**EXERCISE**
Omit all pictures, and print word for word only the lines from the one containing "Botas Negras Altas" through the end of the data.

**Short text fragments from websites**
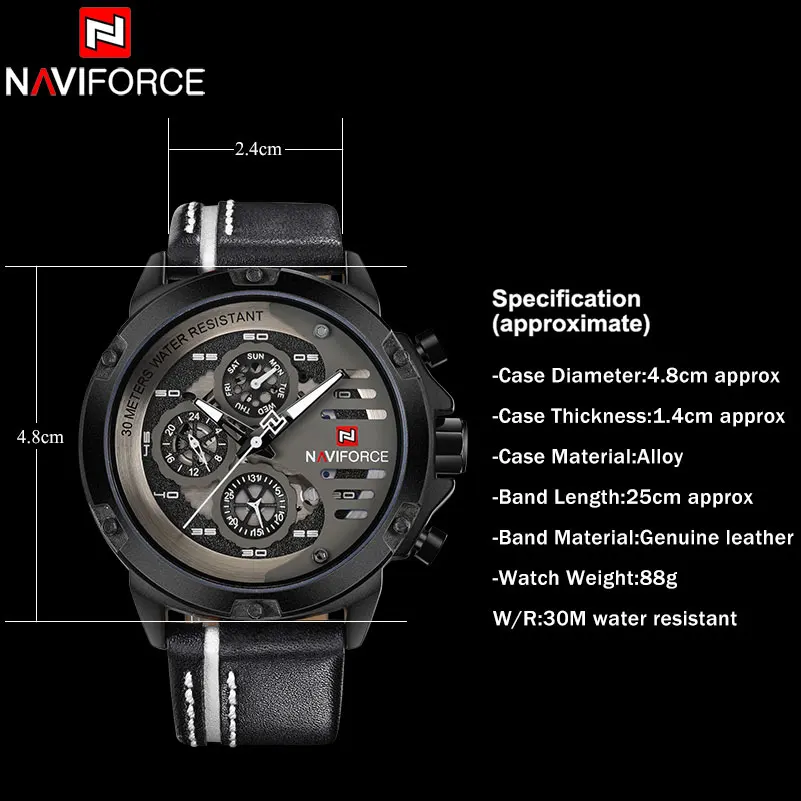 NAVIFORCE китайский бренд Мужские часы Роскошные Спортивные кварцевые часы Прямоугольные циферблаты 30 м водонепроницаемый Авто Дата красный кожаный ремешок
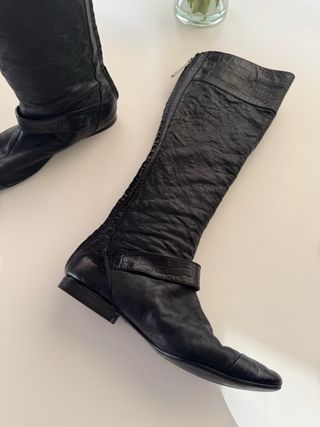 Botas Negras Altas Adolfo Dominguez Piel Talla 36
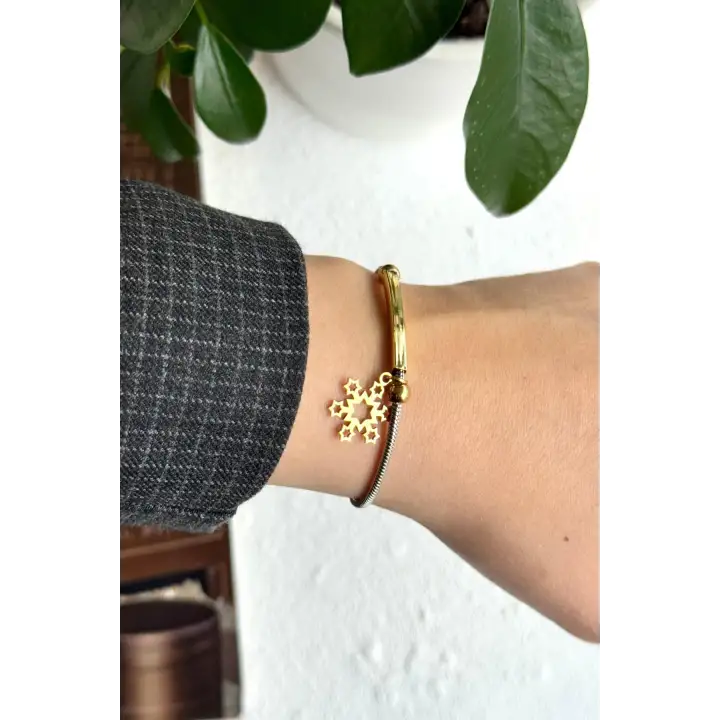 Gold Kar Tanesi Model Çift Renk Kadın Çelik Bileklik Kararmaz Renk Atmaz
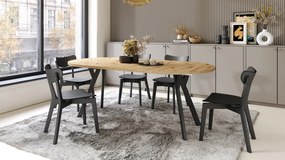 Mazzoni ALDO Artisan tölgy/fekete lábak - LOFT/IPARI STÍLUSÚ BŐVÍTHETŐ KEREK ASZTAL NAPPALIBA/ÉTKEZŐBE "Y" ALAKÚ LÁBAKKAL
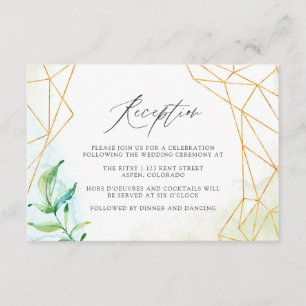 Waterverf Geometrisch Kristal Bruiloft Receptie Informatiekaartje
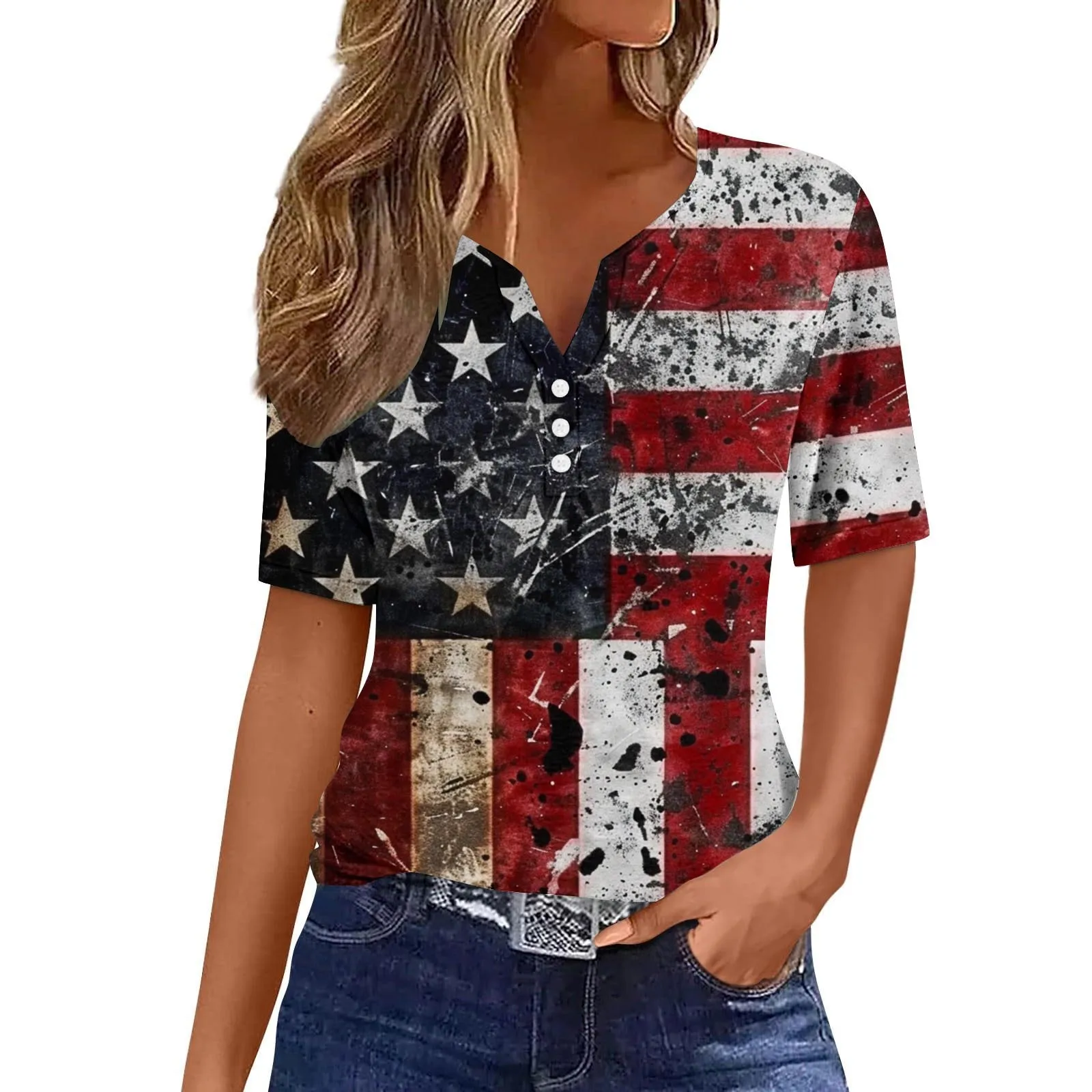 Flag printed Western style short sleeved T-shirt for women's summer slim fit design top 2024 new chic WG19
Flag printed Western style short sleeved T-shirt for women's summer slim fit design top 2024 new chic WG19
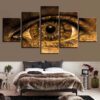Abstract Eye Clock - Abstract 5 Panel Canvas Art Wall Decor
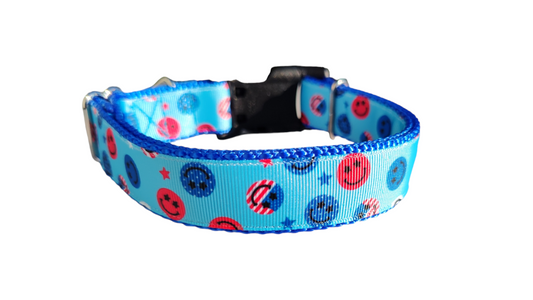 Patriotic Smiley Faces Nylon Dog Collar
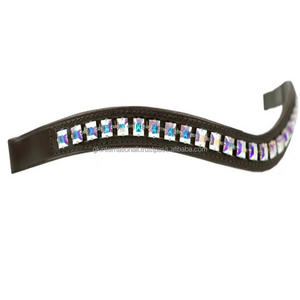 Banda de cejas de caballo de cuero negro con forma de onda personalizada con cristales cuadrados de marca multicolor, cadena ostentosa, banda para cejas con brida - Product Image 5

**YOUR SOLUTION**
 Botas Negras Altas Adolfo Dominguez Piel Talla 36
 Gold Kar Tanesi Model Çift Renk Kadın Çelik Bileklik Kararmaz Renk Atmaz
 Mazzoni ALDO Artisan tölgy/fekete lábak - LOFT/IPARI STÍLUSÚ BŐVÍTHETŐ KEREK ASZTAL NAPPALIBA/ÉTKEZŐBE "Y" ALAKÚ LÁBAKKAL
 Waterverf Geometrisch Kristal Bruiloft Receptie Informatiekaartje
 Flag printed Western style short sleeved T-shirt for women's summer slim fit design top 2024 new chic WG19
Flag printed Western style short sleeved T-shirt for women's summer slim fit design top 2024 new chic WG19
Abstract Eye Clock - Abstract 5 Panel Canvas Art Wall Decor
 Patriotic Smiley Faces Nylon Dog Collar
 Banda de cejas de caballo de cuero negro con forma de onda personalizada con cristales cuadrados de marca multicolor, cadena ostentosa, banda para cejas con brida - Product Image 5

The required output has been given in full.